Il est en effet nécessaire de mettre des limites à la technologie. Il faut rappeler qu’aucune technologie ne remplacera un médecin et qu’aucune application ne remplacera un vrai dépistage. Seul le médecin peut agir directement sur la prévention et sur le soin.
« Il faut rappeler qu’aucune technologie ne remplacera un médecin et qu’aucune application ne remplacera un vrai dépistage. »
Néanmoins, la technologie à la capacité de venir en aide à ces professionnels lorsqu’elle est bien utilisée. Aujourd’hui, la prise de décision est ultra-complexifiée pour les médecins, et la technologie peut contribuer à faciliter ces prises de décision.
On aurait tendance à penser que le financement de tels projets est à l’origine de grandes institutions comme des laboratoires ou des universités, quel rôle ont-elles dans les initiatives de financement participatif?
Le crowdfunding est un vrai métier qui nécessite un accompagnement. Les grandes institutions manquent souvent de compétences en la matière et le crowdfunding vient compléter un besoin qu’elles ne peuvent pas couvrir. En tant que plateforme de financement participatif, nous nous ne positionnons pas en tant que concurrents, mais plutôt dans une optique de collaboration. L’idéal serait de s’associer à ces grands acteurs qui investissent massivement dans la santé afin de simplifier leurs démarches, et d’apporter à notre plateforme une certaine légitimité.
« Il devient nécessaire de démocratiser les projets santé au grand public, car il est directement concerné. »
Le crowdfunding permet aussi de répondre à un défi de la société : il y a des énormes attentes de la part de la population. Il devient donc nécessaire de démocratiser les projets santé au grand public, car il est directement concerné.

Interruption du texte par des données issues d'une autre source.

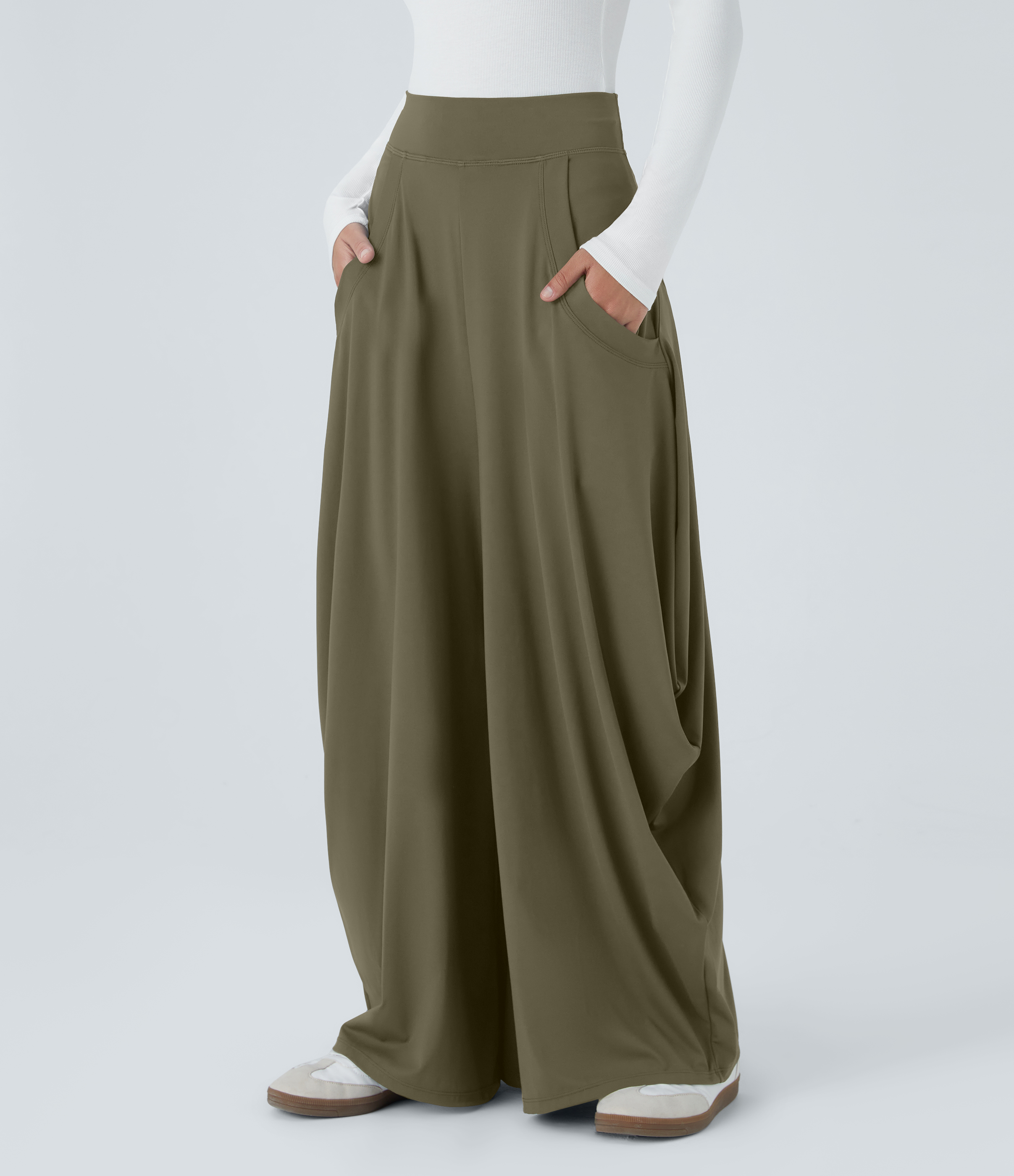 Halara Mid Rise Multiple Pockets Draped Wide Leg Casual Pants  - Withered Green - S(regular)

Est-ce que, selon vous, l’état du financement participatif en France est propice à ce genre d'initiatives?
En France, le crowdfunding en est encore à ses balbutiements, notamment en matière de santé. Beaucoup de projets éprouvent encore beaucoup de difficulté à se faire accompagner. Le blocage de la France quant au crowdfunding est principalement culturel. La relation qu’à la société française avec l’argent n’est pas du tout la même que dans les pays anglo-saxons par exemple. Pour preuve, l’anonymat d’une majorité de dons effectués sur notre plateforme depuis la France, preuve qu’il reste encore difficile de parler du fait que l’on finance un projet. Néanmoins, l’ouverture se fait peu à peu en France. Le crowdfunding est avant tout une relation de confiance, et celle-ci est en train de s’établir petit à petit.
La preuve est que dès la sortie de la plateforme, les deux premiers projets mis en ligne ont été un succès, à hauteur de 26000 euros de levée de fond (alors que la moyenne sur ce genre de don s’élève entre 3000 et 5000euros), un premier résultat plus qu’encourageant.